Under current assessment laws, the Canada-Newfoundland Offshore Petroleum Board provides advice to the Canadian Environmental Assessment Agency — which under the new rules will be renamed the Impact Assessment Agency of Canada — the main body responsible for all federal assessments.

Under the new proposed laws, these boards would have direct input as two out of five members on the panels appointed to review offshore oil and gas projects would come from offshore petroleum boards.

That said, Noia feels the role of the CNLOPB in the environmental assessment process remains unclear, as does Ottawa’s suggestion of the new agency and the board working jointly.

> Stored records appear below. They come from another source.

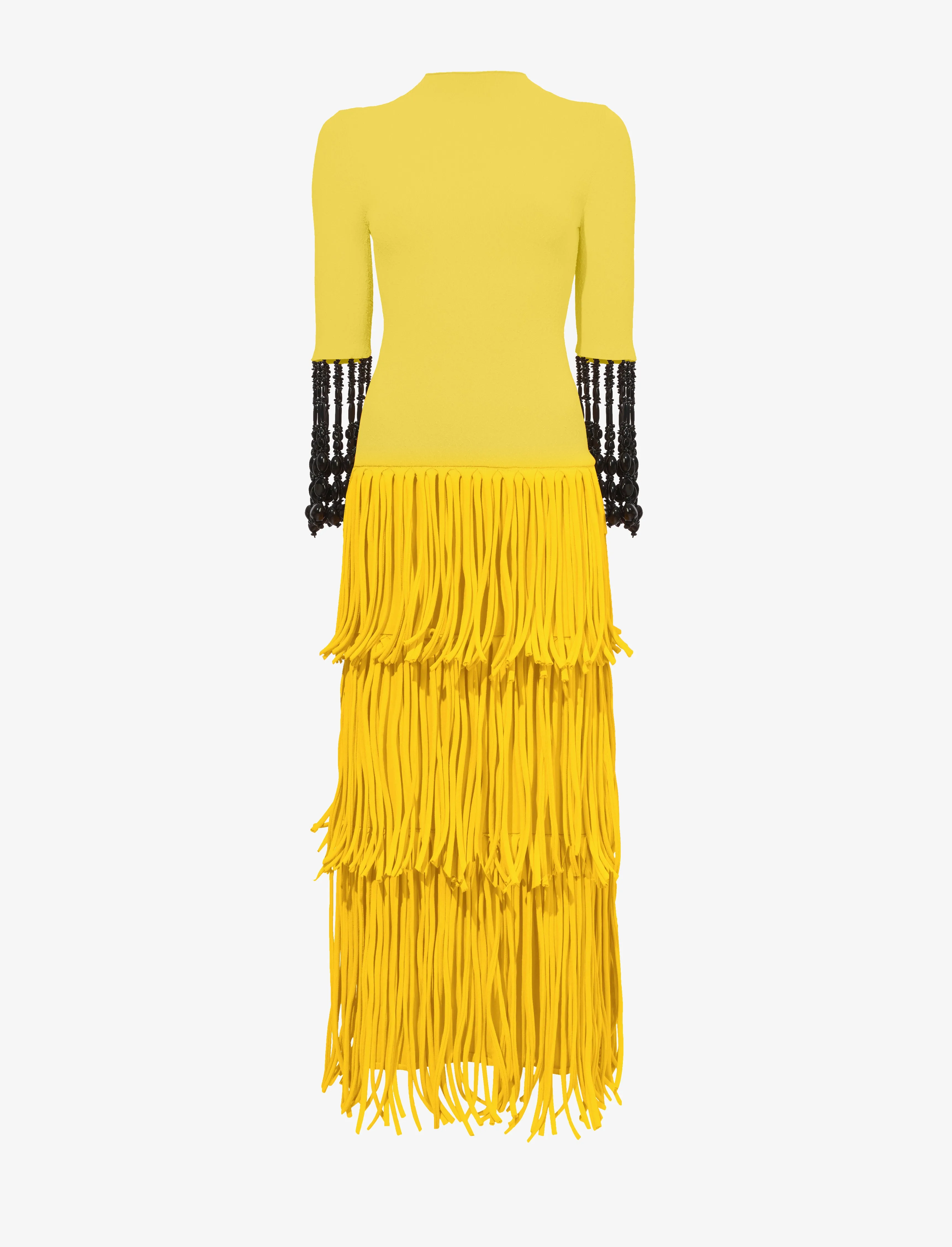 Textured Knit Beaded Fringe Dress - LEMON sold by Proenza Schouler product image thumbnail 4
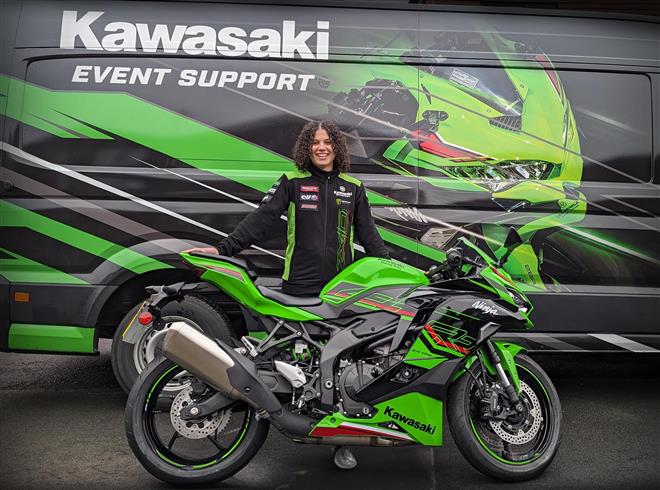 Kawasaki UK announce Motorcycle Live ZX-4RR winner! 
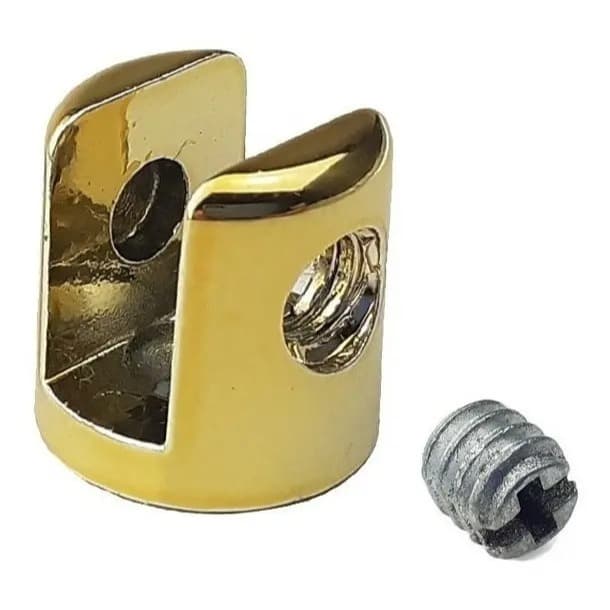 Suporte Fenda Para Prateleira 8mm Dourada 10 Unidades
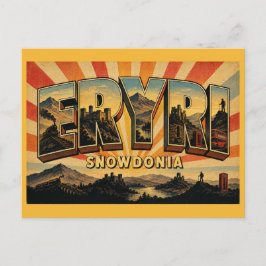 Eryri Snowdonia Nationalpark Wales Berg  Postkarte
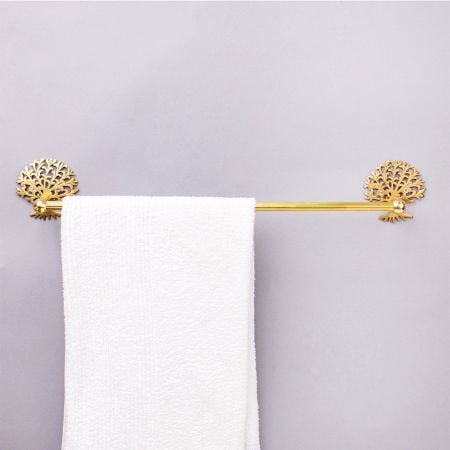 Handmade Premium Brass Tree Towel Hanger for Bathroom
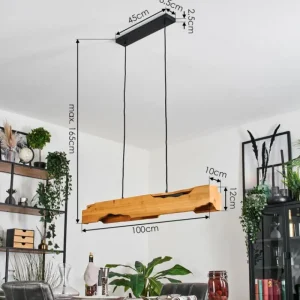 hofstein Sernadelo Suspension Noir, 4 lumières* Lampes Modernes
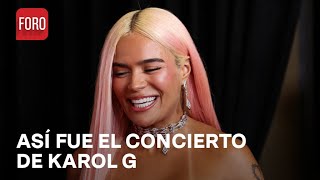 Karol G en el Estadio Azteca 2024 Espectacular primer concierto  Las Noticias [upl. by Ideih]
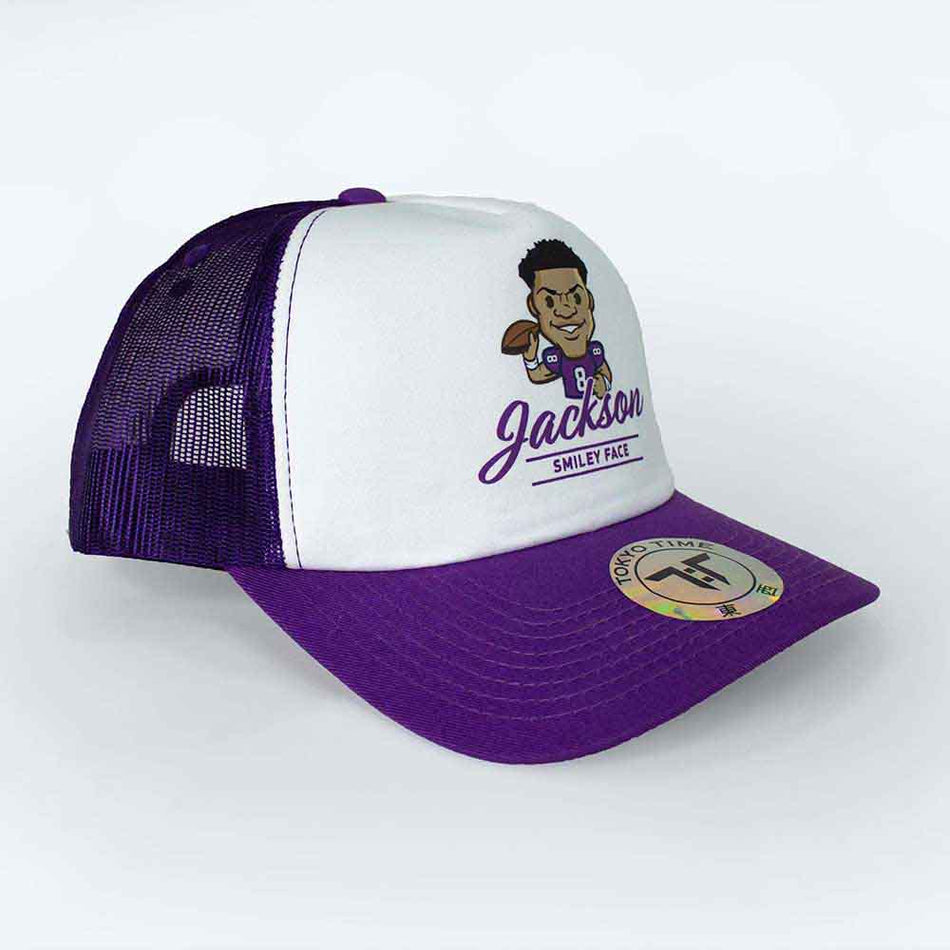 Tokyo Time Lamar Jackson NFLPA Emoji White, Purple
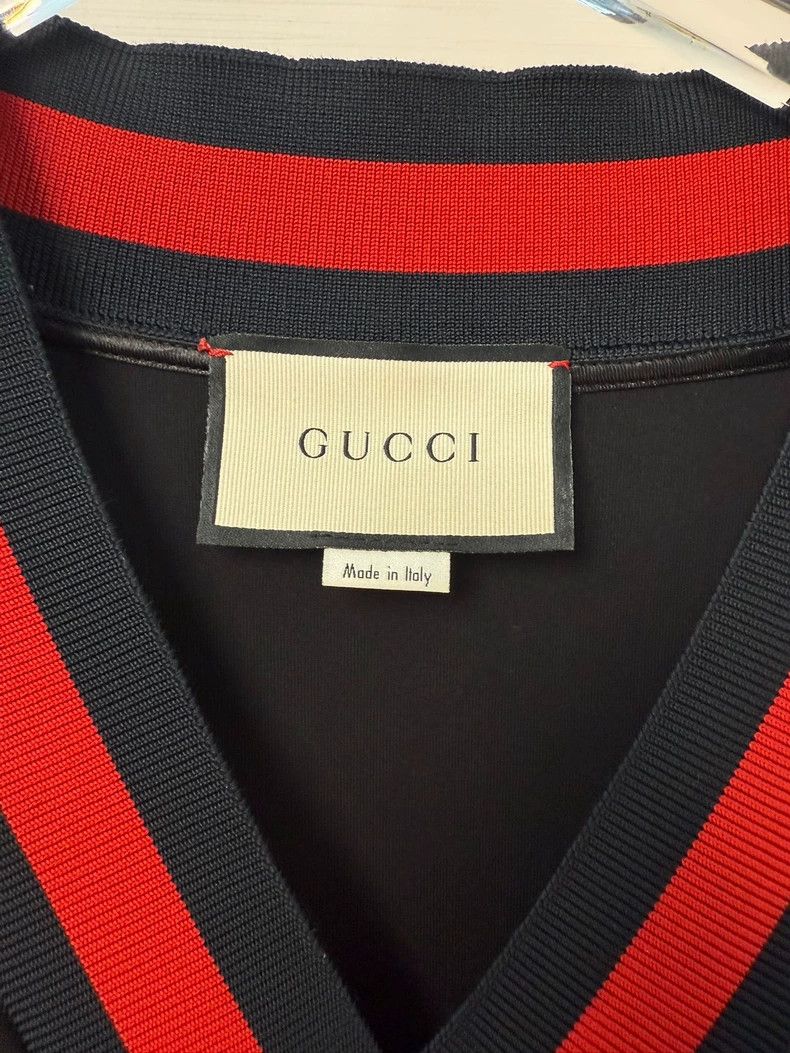 Gucci Gucci Black casual V-neck casual short-sleeved dress 2503-N Size S / US 4 / IT 40 - 2 Thumbnail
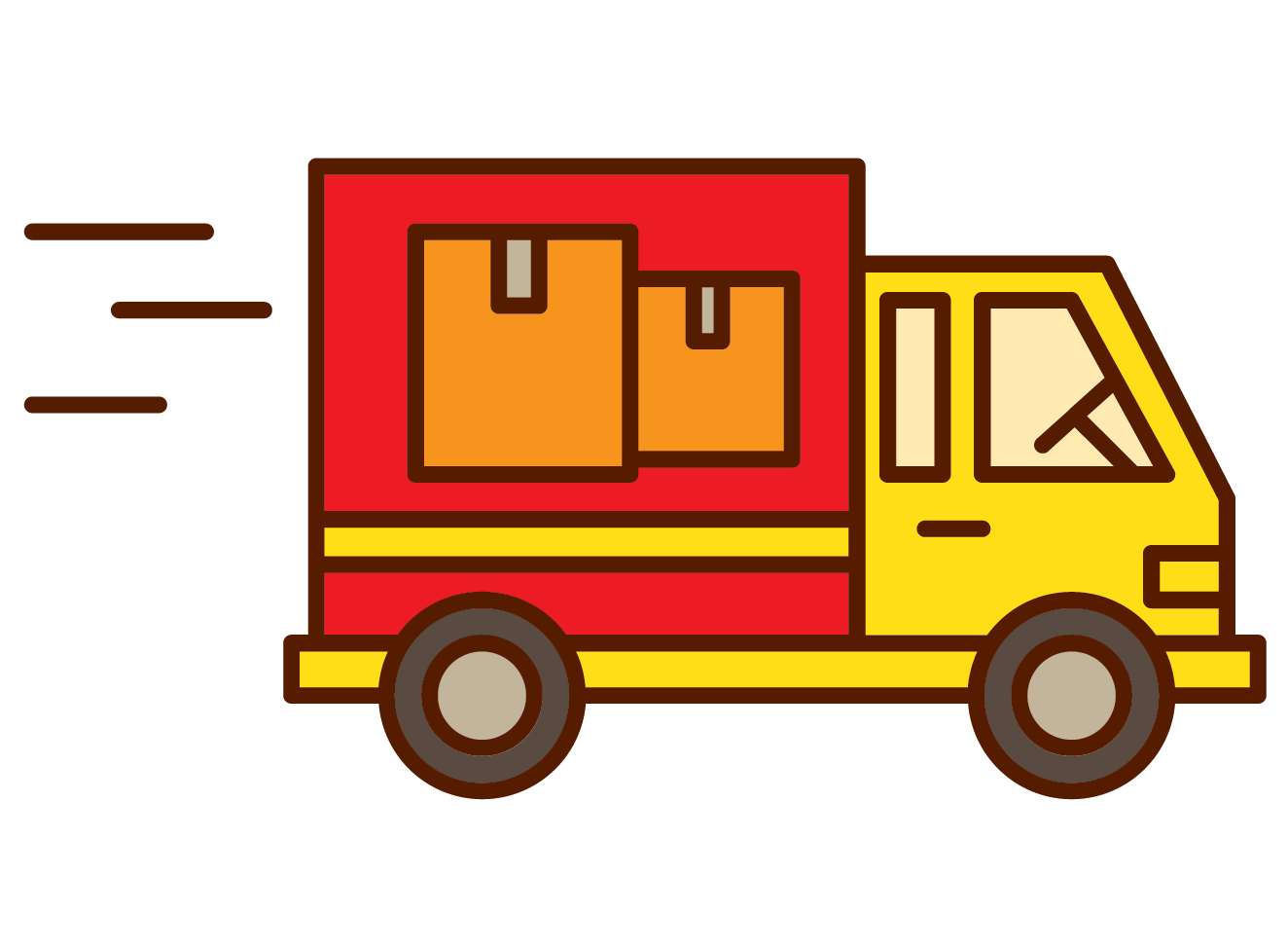 Delivery truck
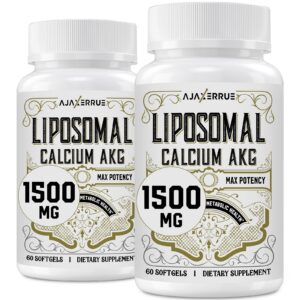 Frasco AJAXERRUE Liposomal Calcium AKG 1500 mg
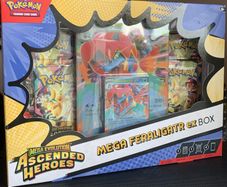 Pokemon Ascended Heros MEGA Feraligatr ex Box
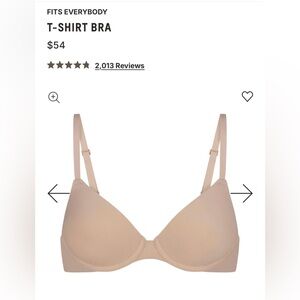 SKIMS fits everybody tshirt bra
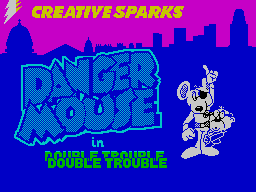 Danger Mouse in Double Trouble (ZX Spectrum) screenshot: Loading screen uses a doubling effect
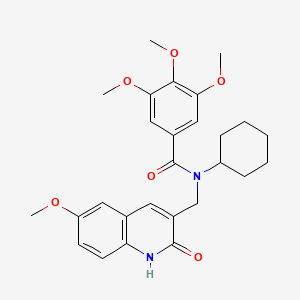 N-cyclohexyl-N-((2-hydroxy-6-methoxyquinolin-3-yl)methyl)-3,4,5-trimethoxybenzamide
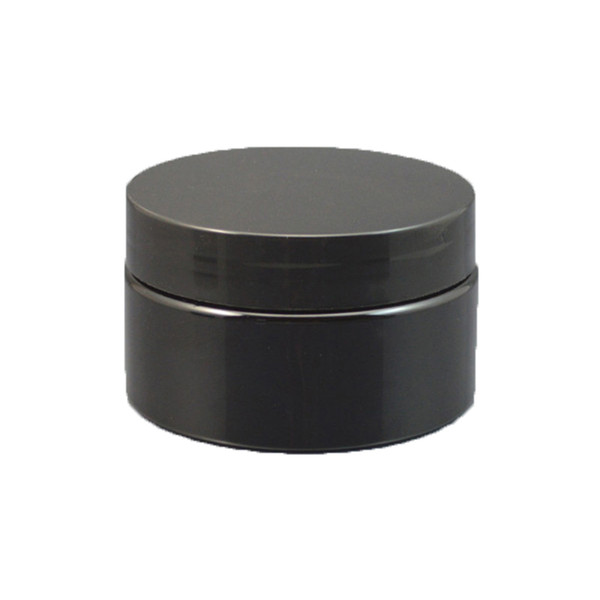 50pcs 100g 100ml 3.5oz Black Plastic jar pot lid PET jar round plastic containers for cosmetics empty cream balm refillable jars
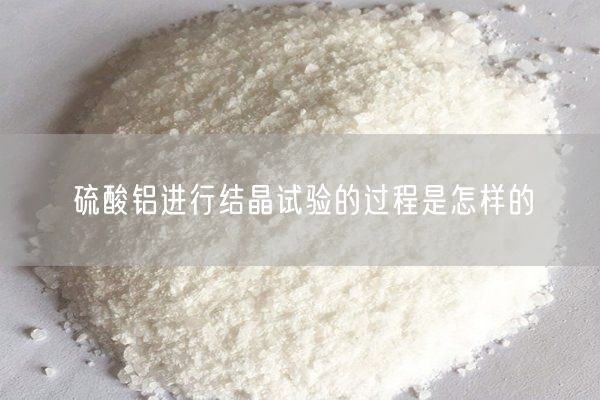 硫酸铝进行结晶试验的过程是怎样的(图1)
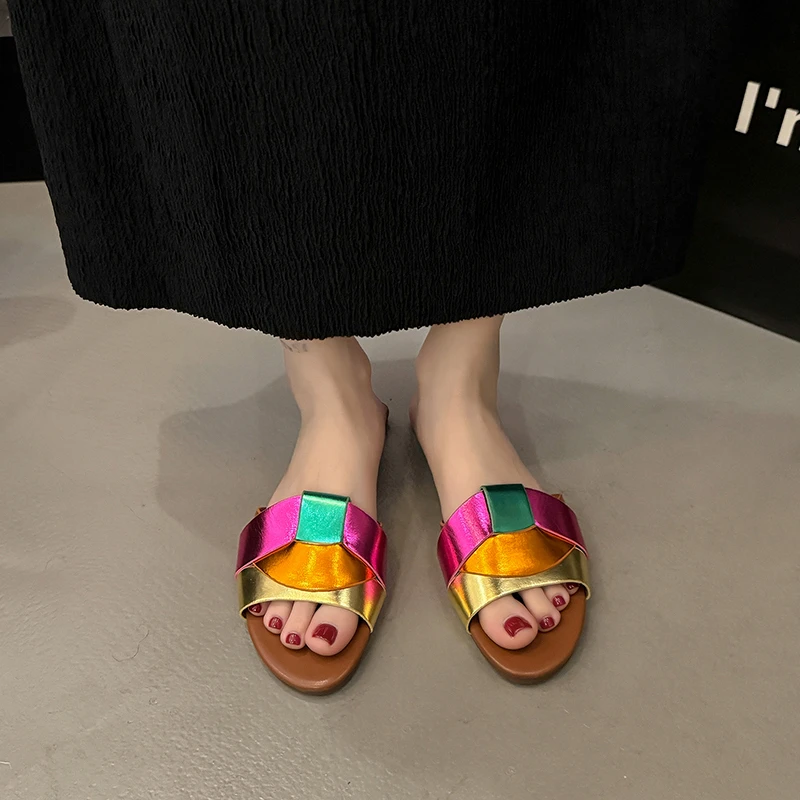 New Summer Designer Women'S Solid Color Fashion Slippers Zapatos De Mujer Women'S Shoes Slippers Women Slippers Women Shoes thumbnail 4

“Does jointly mean equally as it was previously,” Johnson asked. “Let’s not forget there is already a joint process in place – it’s called the CNLOPB. The federal government seems to want a joint process with an already joint process.”

Noia also expressed its disappointment that the federal government doesn’t plan on reinstating the C-NLOPB’s responsible authority status that was stripped in 2010.

“The CNLOPB, through the Atlantic Accord, gave Newfoundland and Labrador equal management of the province’s offshore resources. Last week’s announcement was a missed opportunity to right this wrong by fully restoring that authority to the C-NLOPB now.”
As the legislation still has to be passed in the House of Commons, it could be some time before the new rules come into effect.

In the meantime, Johnson indicated that Noia will be fully engaged in the process.

“Our primary goal is the continued exploration of our offshore and we will hold governments’ feet to the fire to ensure just that.”